I've been without linux on my desktop workstation at home for some time now. Its no big deal since my research group saw fit to provide me with a powerbook. (OSX just wishes it was as cool as linux.) With my powerbook in hand I can work from home, which is nice for a procrastinator like me.

The problem with my desktop was that we (my wife and I) had recently moved all our computers to the second floor of our house. Since the cable came in downstairs I thought, "Heck, I'll just get a wireless router and some wireless pci cards and I won't have to run wires upstairs." It worked like a charm for my wife's Windows machine and my Windows laptop, but not so well for my dual boot workstation. I've gone through 3 different wireless cards looking for the magic combination of card and linux distro to get everything to work. I'd all but given up, using my desktop for the occasional Windows game, but little more.

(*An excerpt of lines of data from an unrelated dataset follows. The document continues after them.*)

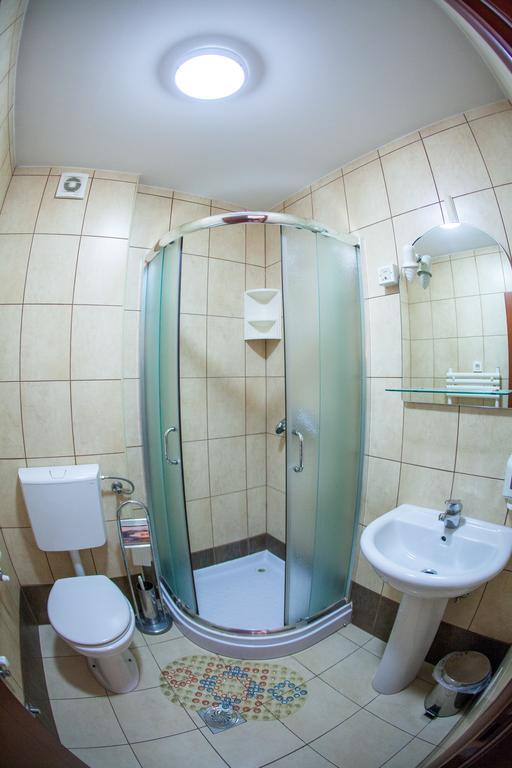 Residence Bella Budva Zewnętrze zdjęcie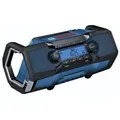 Produktbild: Bosch GPB 18V-2 C Professional Akku-Baustellenradio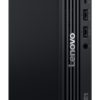 Lenovo ThinkCentre M70q Gen 6 Intel Core Ultra 5 235T 16 GB DDR5-SDRAM 256 GB SSD Windows 11 Pro Mini PC Máy tính cá nhân mini màu đen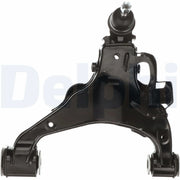 Delphi Control/Trailing Arm Lower TC3568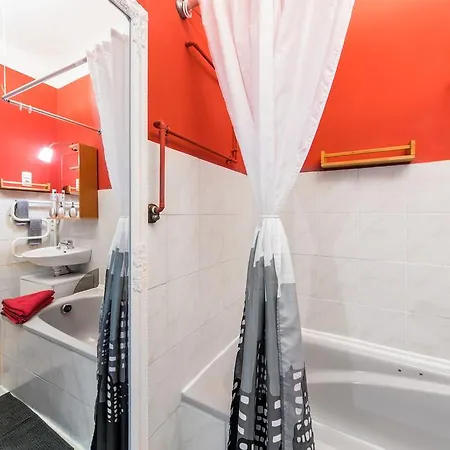 Perfect Apartment Budapest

Recently I had to replace my wireless router (I think lightning ate it, but it might just have been a POS). I replaced it wish a nice 802.11G router. Through some horse-trading I got an 802.11G PCI card for my workstation for nothing (free as in beer). I was positive that it wouldn't work with linux. It didn't, out of the box. No surprise.

I kept hearing about this open source project called ndiswrapper. It was supposed to magically use windows drivers in linux. I scoffed at the idea. "That trick never works!" Well last night I installed Ubuntu Linux. Its supposed to be "Linux for real people". Huh, I never considered Linux to be for anyone else, but what the hell. (Their homepage looks like a 'United Colors of Benetton ad from the 90s'.)

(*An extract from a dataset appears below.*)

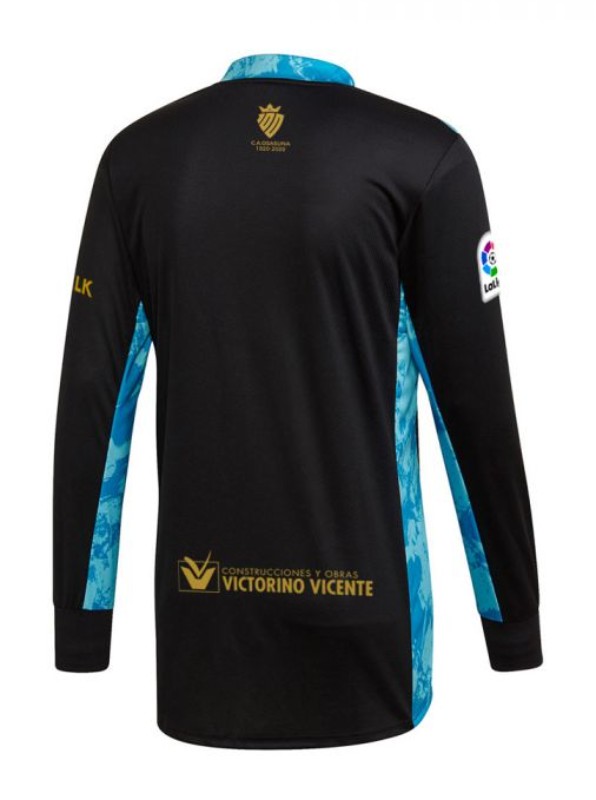 CA Osasuna 2020-21 GK 3 Kit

I installed Ubuntu. It has a real old fashioned feeling to the install. No gui, no pictures, no whistles, no bells, no problems. After grinding through the install I found it weird that it never asked for a root password. "Oh well, it'll ask upon first start." Nope. Ubuntu has this philosophy that you never need to log in as root (what real person would want to do that?). It adds all users to the sudoers, but no root log in. That confused the hell out of me for a bit, but after I figured out what was going on I 'sudid' a passwd change for root and tried to log into root via the window manager. That pissed it off. "Root not allowed to log in via this method".

Well excuse me.

After logging back in as a pedestrian user I installed ndiswrapper (sudo this...sudo that). I then proceeded on a quest to find the driver disk for my net card. After killing several orcs and an ogre magi I was rewarded with the 'Diske of Drivers +4" and was able to copy the .inf file and associated folders over to my computer.
Then it was simply a matter of
ndiswrapper -i driver.inf
ndiswrapper -l (Shows what drivers are loaded)
modprobe ndiswrapper (To load the module into the kernel)
Fire up the wireless networking utility nicely provided by ubuntu.
ndiswrapper -m (To load the drivers on boot).
IT WORKED!

I was thrilled, but cocky. If it works for this tinker toy linux, I'll bet it'll work for a real distro like Fedora Core 4.

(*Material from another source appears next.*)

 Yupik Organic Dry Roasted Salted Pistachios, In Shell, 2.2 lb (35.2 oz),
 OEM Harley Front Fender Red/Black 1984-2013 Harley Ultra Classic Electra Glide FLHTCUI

I wiped ubuntu and installed FC4. Long story short, ubuntu is back on the workstation and its working just ducky. (FC4, you's got a lot of 'splaining to do!)

I've now found that ubuntu has some real nice features and I'm going to give it an honest trial run.

This makes my day. It amazing that it takes so little to make me so happy.

Carl

1 Comments:

Blogger The LQ said...

I've got an ubuntu distro. I testdrove it. the "no root login" thing was a little weird, but it works fine. Laptop installs require a little tweaking, but it's manageable.
I also have a copy of MEPIS and xandros. Right now I'm running xandros. It's kinda sorta Debian, but it has a couple elements that are supposed to make transitions from Windows or MacOS users a little more comfortable. I dunno...it's still the 2.4 kernel with KDE on top. I just wish my laptop's CD-ROM didn't choke on the disk.